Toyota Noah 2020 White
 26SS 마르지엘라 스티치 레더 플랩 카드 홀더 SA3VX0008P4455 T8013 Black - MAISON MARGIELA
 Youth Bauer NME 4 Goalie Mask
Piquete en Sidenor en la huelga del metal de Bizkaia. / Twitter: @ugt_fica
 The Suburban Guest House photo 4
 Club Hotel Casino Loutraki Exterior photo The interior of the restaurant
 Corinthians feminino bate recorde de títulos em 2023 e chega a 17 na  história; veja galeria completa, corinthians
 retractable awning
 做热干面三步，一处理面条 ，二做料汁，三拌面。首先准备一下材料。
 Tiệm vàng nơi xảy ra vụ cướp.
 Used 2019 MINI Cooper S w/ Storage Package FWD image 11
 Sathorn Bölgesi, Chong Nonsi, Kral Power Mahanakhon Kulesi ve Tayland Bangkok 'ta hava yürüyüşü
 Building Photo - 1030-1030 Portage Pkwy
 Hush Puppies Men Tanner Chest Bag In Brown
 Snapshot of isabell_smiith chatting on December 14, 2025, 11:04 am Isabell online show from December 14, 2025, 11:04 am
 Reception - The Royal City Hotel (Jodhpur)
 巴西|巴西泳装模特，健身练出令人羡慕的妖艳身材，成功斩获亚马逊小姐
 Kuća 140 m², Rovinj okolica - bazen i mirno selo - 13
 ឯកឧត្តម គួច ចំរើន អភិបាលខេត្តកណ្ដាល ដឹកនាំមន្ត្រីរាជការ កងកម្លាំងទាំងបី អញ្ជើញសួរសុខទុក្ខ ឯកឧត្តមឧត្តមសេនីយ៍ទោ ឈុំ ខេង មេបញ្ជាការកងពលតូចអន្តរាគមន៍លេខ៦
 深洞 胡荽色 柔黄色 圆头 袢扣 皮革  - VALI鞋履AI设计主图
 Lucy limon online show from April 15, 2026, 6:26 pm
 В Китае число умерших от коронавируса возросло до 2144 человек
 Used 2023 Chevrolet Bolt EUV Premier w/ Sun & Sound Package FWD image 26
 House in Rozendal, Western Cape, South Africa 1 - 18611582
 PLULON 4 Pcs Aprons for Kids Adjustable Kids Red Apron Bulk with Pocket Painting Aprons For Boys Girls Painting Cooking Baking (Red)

___

§ **Task directions**:
When you answer, repeat every record exactly, omitting nothing.

§ **Result of the exercise**:
Toyota Noah 2020 White
 26SS 마르지엘라 스티치 레더 플랩 카드 홀더 SA3VX0008P4455 T8013 Black - MAISON MARGIELA
 Youth Bauer NME 4 Goalie Mask
Piquete en Sidenor en la huelga del metal de Bizkaia. / Twitter: @ugt_fica
 The Suburban Guest House photo 4
 Club Hotel Casino Loutraki Exterior photo The interior of the restaurant
 Corinthians feminino bate recorde de títulos em 2023 e chega a 17 na  história; veja galeria completa, corinthians
 retractable awning
 做热干面三步，一处理面条 ，二做料汁，三拌面。首先准备一下材料。
 Tiệm vàng nơi xảy ra vụ cướp.
 Used 2019 MINI Cooper S w/ Storage Package FWD image 11
 Sathorn Bölgesi, Chong Nonsi, Kral Power Mahanakhon Kulesi ve Tayland Bangkok 'ta hava yürüyüşü
 Building Photo - 1030-1030 Portage Pkwy
 Hush Puppies Men Tanner Chest Bag In Brown
 Snapshot of isabell_smiith chatting on December 14, 2025, 11:04 am Isabell online show from December 14, 2025, 11:04 am
 Reception - The Royal City Hotel (Jodhpur)
 巴西|巴西泳装模特，健身练出令人羡慕的妖艳身材，成功斩获亚马逊小姐
 Kuća 140 m², Rovinj okolica - bazen i mirno selo - 13
 ឯកឧត្តម គួច ចំរើន អភិបាលខេត្តកណ្ដាល ដឹកនាំមន្ត្រីរាជការ កងកម្លាំងទាំងបី អញ្ជើញសួរសុខទុក្ខ ឯកឧត្តមឧត្តមសេនីយ៍ទោ ឈុំ ខេង មេបញ្ជាការកងពលតូចអន្តរាគមន៍លេខ៦
 深洞 胡荽色 柔黄色 圆头 袢扣 皮革  - VALI鞋履AI设计主图
 Lucy limon online show from April 15, 2026, 6:26 pm
 В Китае число умерших от коронавируса возросло до 2144 человек
 Used 2023 Chevrolet Bolt EUV Premier w/ Sun & Sound Package FWD image 26
 House in Rozendal, Western Cape, South Africa 1 - 18611582
 PLULON 4 Pcs Aprons for Kids Adjustable Kids Red Apron Bulk with Pocket Painting Aprons For Boys Girls Painting Cooking Baking (Red)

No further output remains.